O günden bugüne yeryüzünün bütün kültürlerinde incir, hayatın, verimliliğin, gücün, bereketin, bolluğun, bilgeliğin, aydınlığın, cinselliğin simgesi olup çıkar.
*
Antik Yunan’da verimliliğin sembolüydü incir. Mitolojide, bereket Tanrısı Dionysos içtiği meyle sarhoş olunca, aşık olduğu güzel peri kızı Syka’yı incir ağacına dönüştürür.
Anavatanı Mezopotamya’dır incirin; eski Romalılar da kıymet vermiş ona, Akdeniz’e yayılmasına sebep olmuşlar. İmparatorluğun kuruluş mitolojisinde de yeri vardır. Dişi bir kurt, Remus ile Romulus’u bir incir ağacının altında emzirip büyütmüş, incir kölelerin de temel gıdasıymış o dönemde.
Batıdan doğuya gidersek de durum değişmiyor. Hintlilerin “Mahabharata Destanı”nda da Tanrılar Tanrısı Vishnu, “kutsal incir ağacı”ndan başka bir şey değildir. İncir ağacı “iyi” ve “kötü” bilgisini barındırır özünde. Asya’nın güneydoğusunda anlamlı bir hayat anlamında “ölümsüzlüğün” sembolüdür, “temiz bir ahlakın yol göstericisi” de incir ağacıdır bu coğrafyada.
*
Turgut Uyar; “1982 Behçet Necatigil Şiir Ödülü”nü alan, “gel bağışlayalım birbirimizi” mısraını ihtiva eden kitabı “Kayayı Delen İncir”in adını, söylendiği gibi Marmara Adası’ndaki Kole Plajı’nda gördüğü bir incir ağacından mı almış bilmiyorum ama incir ağacının kökleri, su neredeyse oraya kadar uzanır.

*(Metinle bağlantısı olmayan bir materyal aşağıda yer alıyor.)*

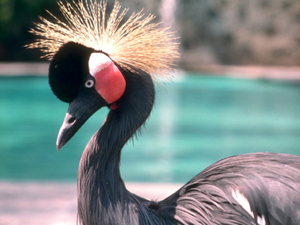 Rwanda 1957: Kroonreiger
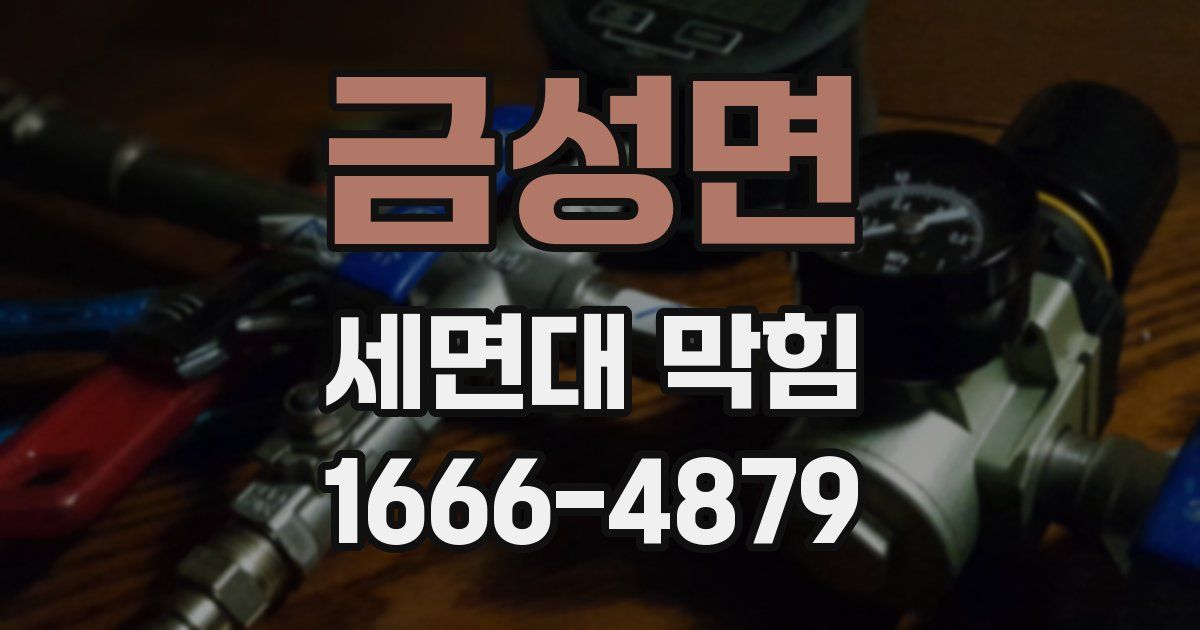 금성면 세면대 막힘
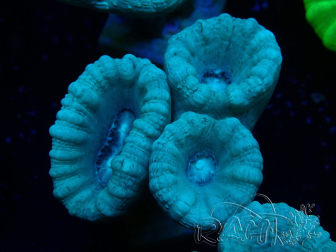 WYSIWYG Caulastrea furcata Grau/Blau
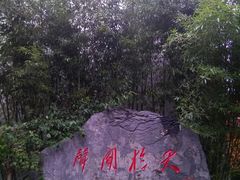 -张闻天故居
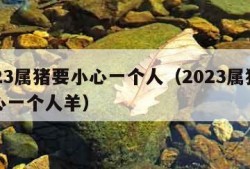 2023属猪要小心一个人（2023属猪要小心一个人羊）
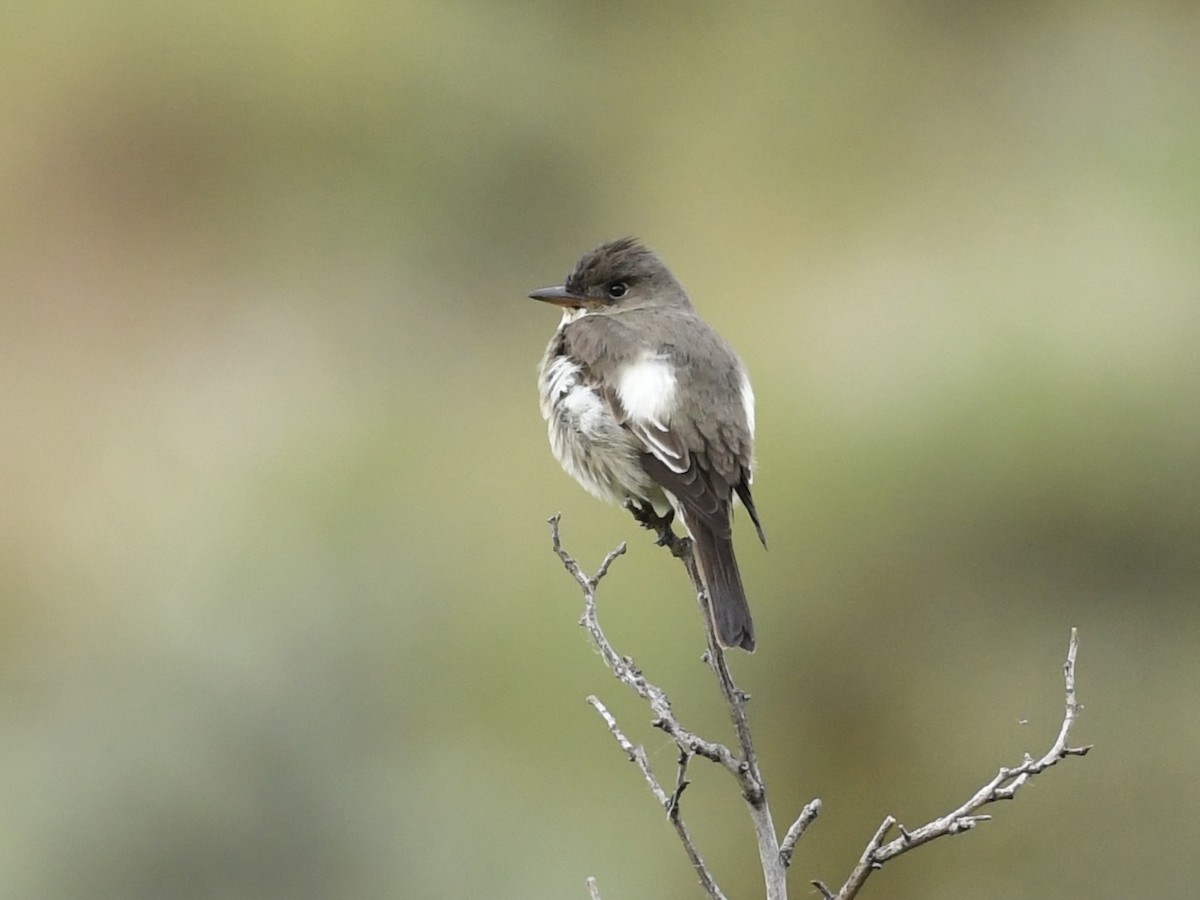 Olive-sided Flycatcher - Kent Kleman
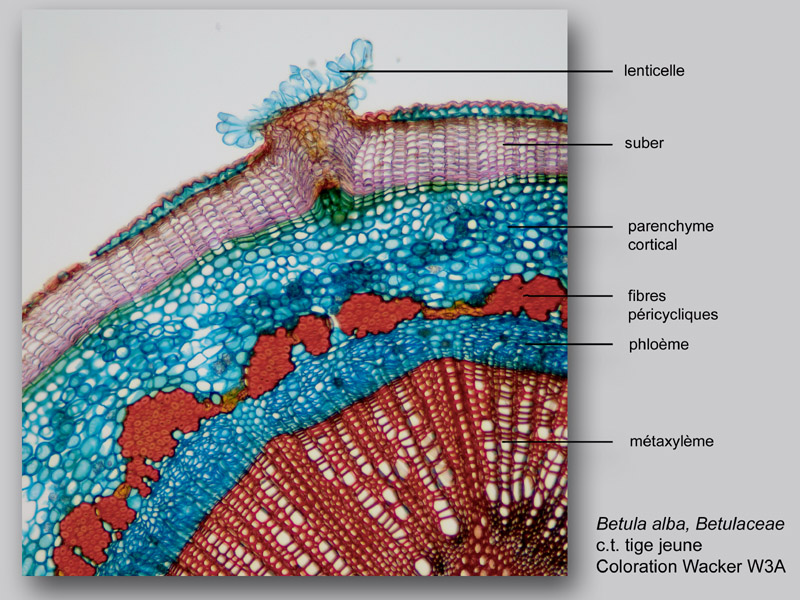 Betula alba, histologie, histology. #25104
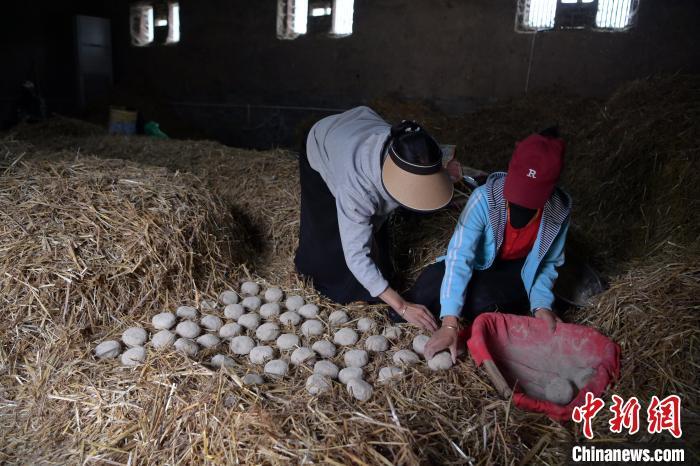 酒曲成型之后入曲房，入室之前要灑水，再鋪青稞草，防止曲塊的水分被吸走，曲房內(nèi)有通風(fēng)道、窗戶、暖氣、電熱爐等各種控制曲房溫度的設(shè)備。圖為5月10日，工作人員將成型的曲塊搬運(yùn)到曲房。九美旦增　攝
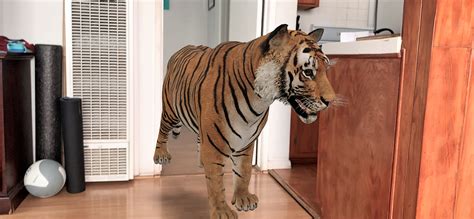 Bengal Tiger 3D Animals Google / Google 3d How To Use Google 3d Animals Express Co Uk : Over the ...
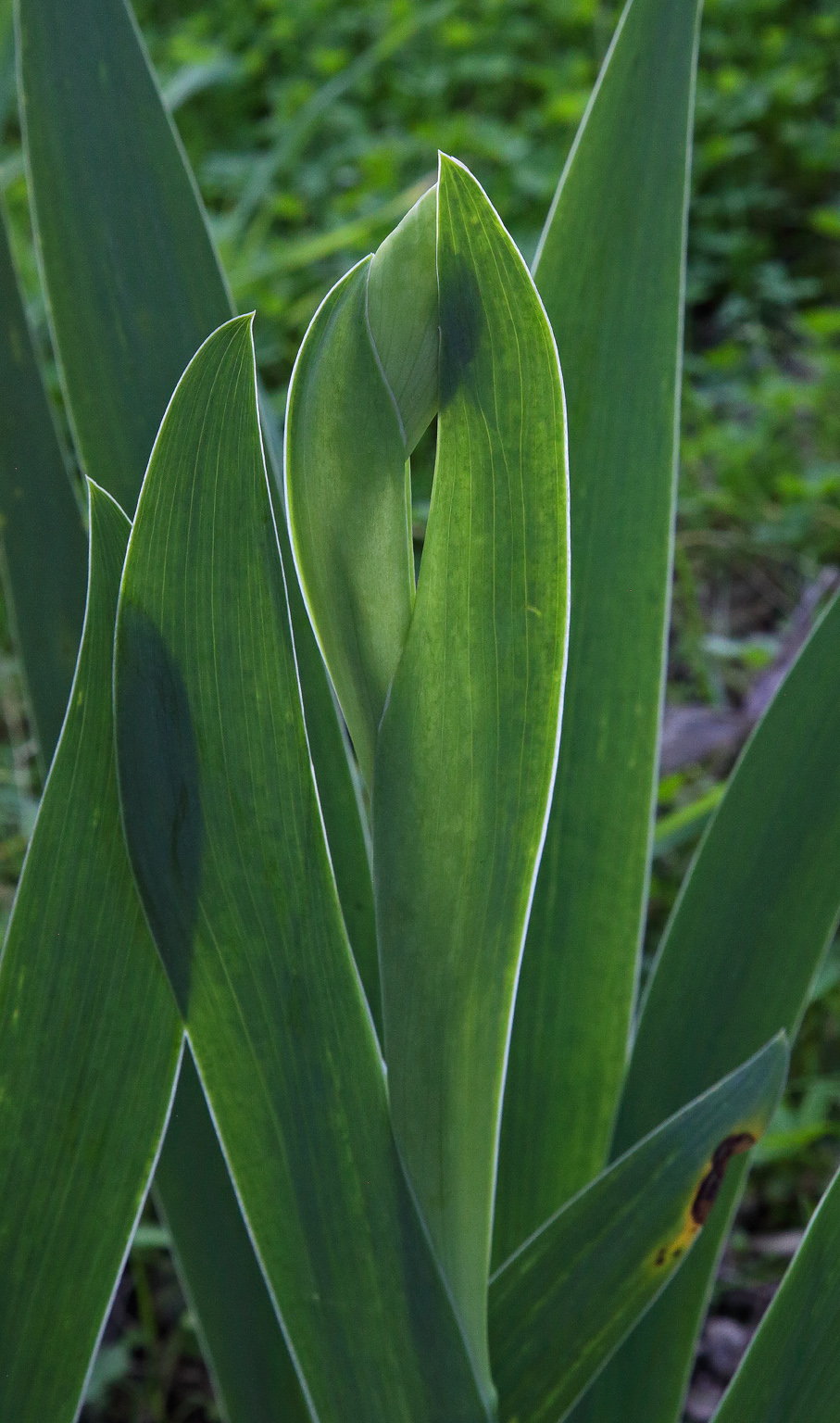 Infiorescenza di Iris florentina in fase iniziale
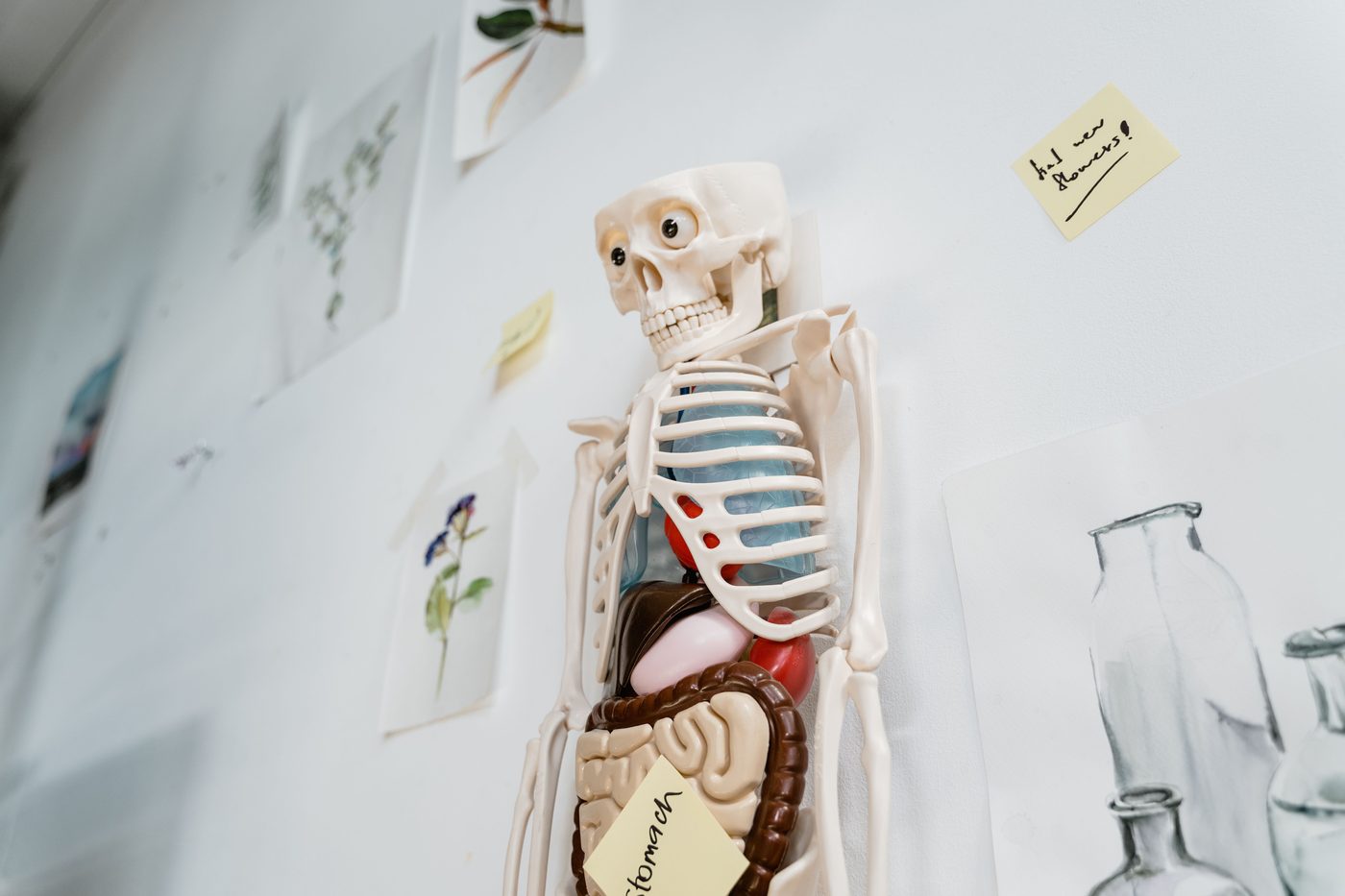The Body: A Guide for Occupants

Ne kaya bırakır ne beton, duvarları yıkar, ne yapar eder, su neredeyse oraya varır. Kırlık alanlarda terk edilmiş evlerin duvarları arasında, bahçelerde, baca diplerinde kendiliğinden yetişir, bunun müsebbibi de kuşlardır, inciri yiyen kuşlar taşırken polenleri düşürür, düştükleri yerde çabuk yeşerir ağaç, kısa sürede büyür, kökleri su aramak için uzadıkça uzar, uzarken önüne çıkan her şeyi yıkar. “Ocağına incir ağacı dikmek” deyimi buradan gelir. Bu yüzden köylüler, evlerinin yakınında incir ağacı istemezler.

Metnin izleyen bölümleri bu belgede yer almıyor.